On Thu, Jul 25, 2013 at 10:07 PM, John Daggett <<>> wrote:

Rik Cabanier wrote:

> I think most people wouldn't use this property to make text more legible.

There's a *huge* volume of pages surrounding the use of
'-webkit-font-smoothing', some insightful, some inane, but the bottom
line is that authors are using this to work around a deficiency of OSX
text rendering.  Not sure why you're asserting that it won't be used
to make text more legible.

I'm sure some will, but I believe that will be the minority.
On non-OSX platforms likely no one will since the font rendering is better there.

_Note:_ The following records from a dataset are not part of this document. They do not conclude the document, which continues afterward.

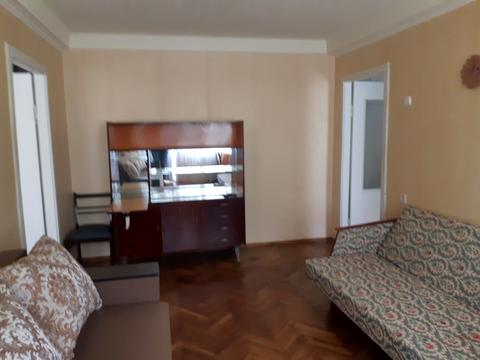 квартира за адресою Сергія Набоки пл., 2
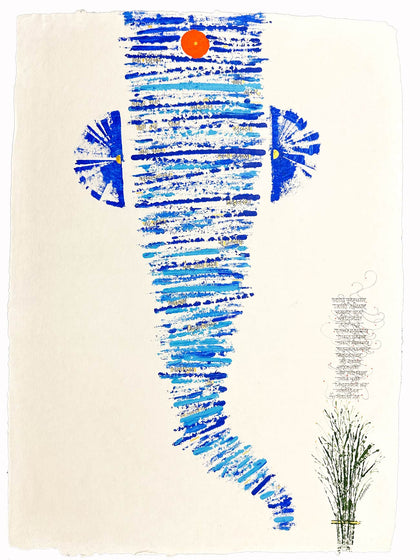 Ganesha 03, Nikheel Aphale, Internal - Artisera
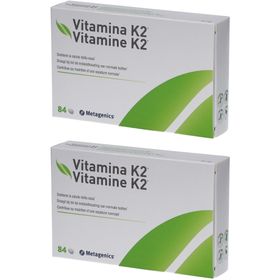 Metagenics Vitamine K2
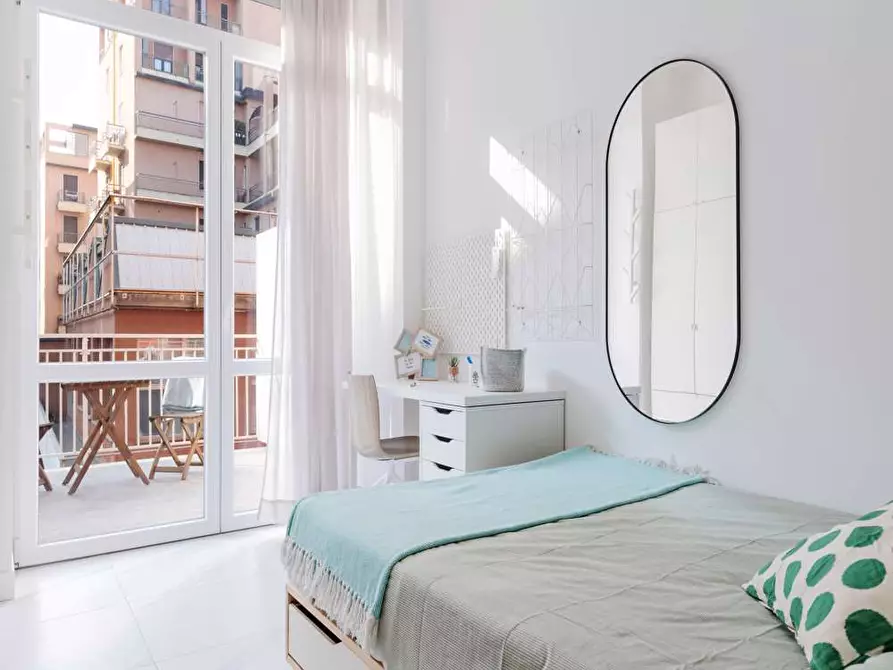 Immagine 2 di Camera in affitto  in Viale Bligny28 a Milano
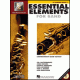 HL Essential Elements for Band Book 1 Clarinet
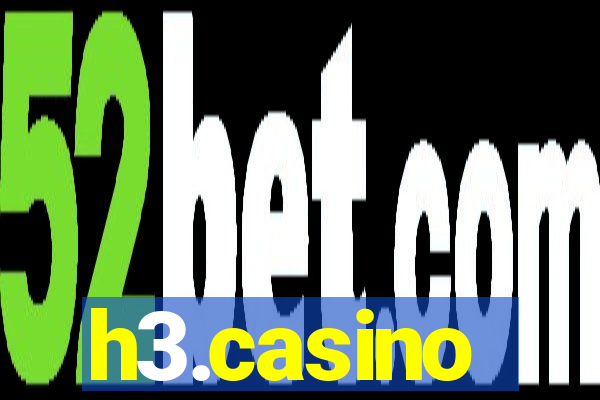 h3.casino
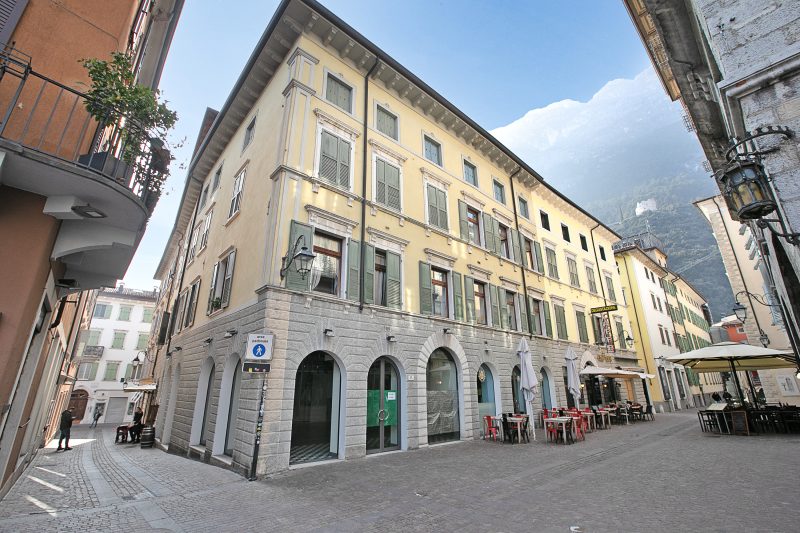 Riva Nest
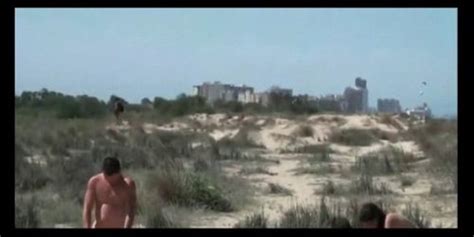 Thesandfly Beach Sex And Voyeur Magic Tnaflix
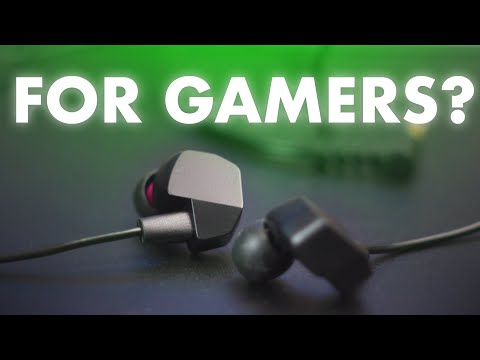 Take notes, Razer - Final Audio VR3000 review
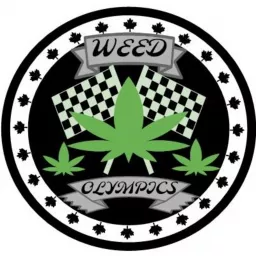 WeedOlympics Podcast artwork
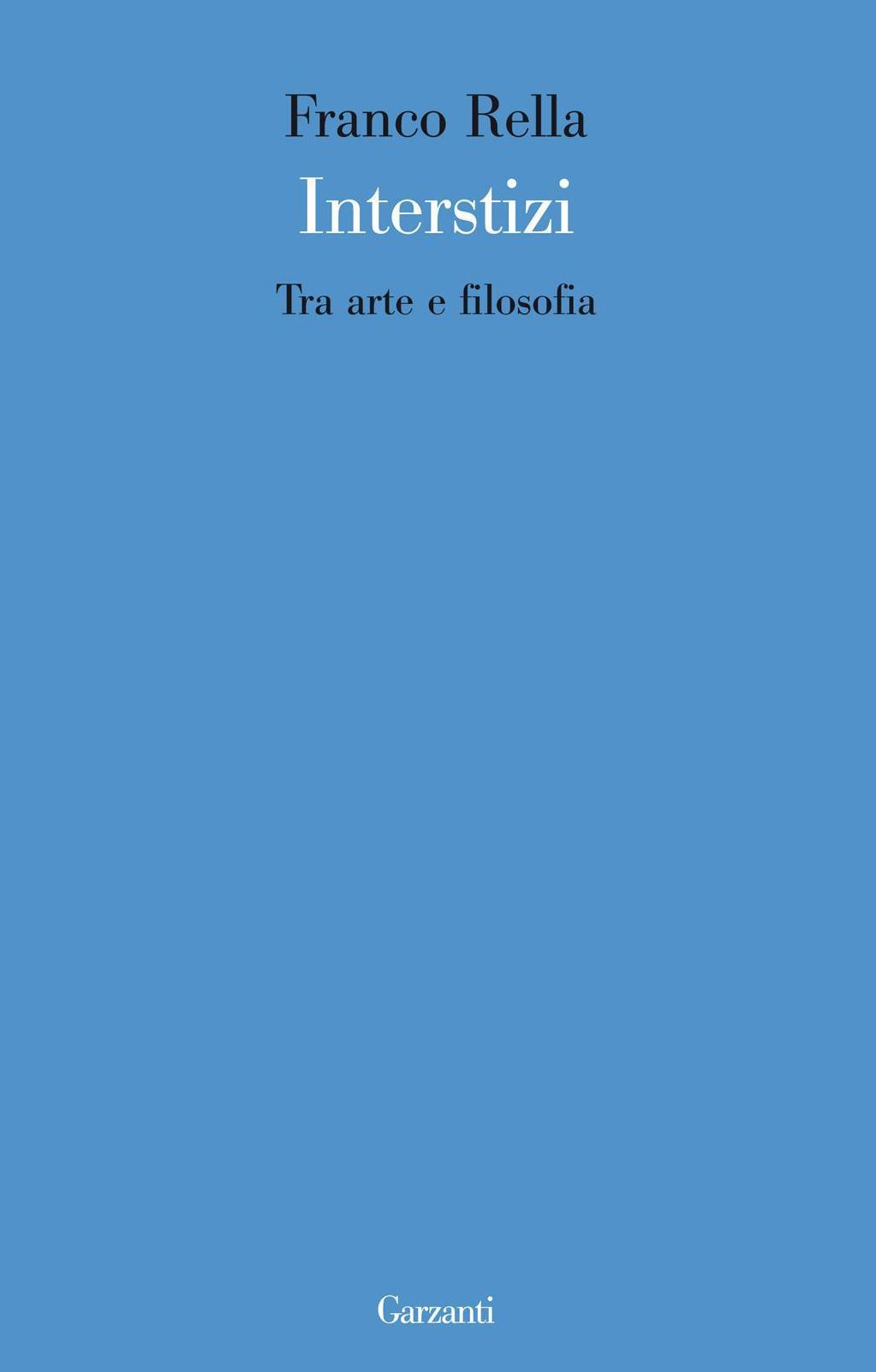 Interstizi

> WebKit and most likely all other browsers will drop subpixel
> anti-aliasing when a block of text is animated on the GPU. This
> causes a notable shift in the text's appearance which is not
> desired. This is especially obvious with transitions.

There are all sorts of conditions under which either a user agent or
the underlying OS will disable subpixel antialiasing.  I think the
shift you're seeing is more an implementation deficiency rather than
something that needs addressing via an explicit property.

Sure, but it's not something that will ever be fixed. (In fact, browsers are converging on this behavior)
So, authors that care about smooth transitions are going to want to this property. If we don't give them this ability, they will simply push all text to GPU accelerated layers which makes things slow and use more memory.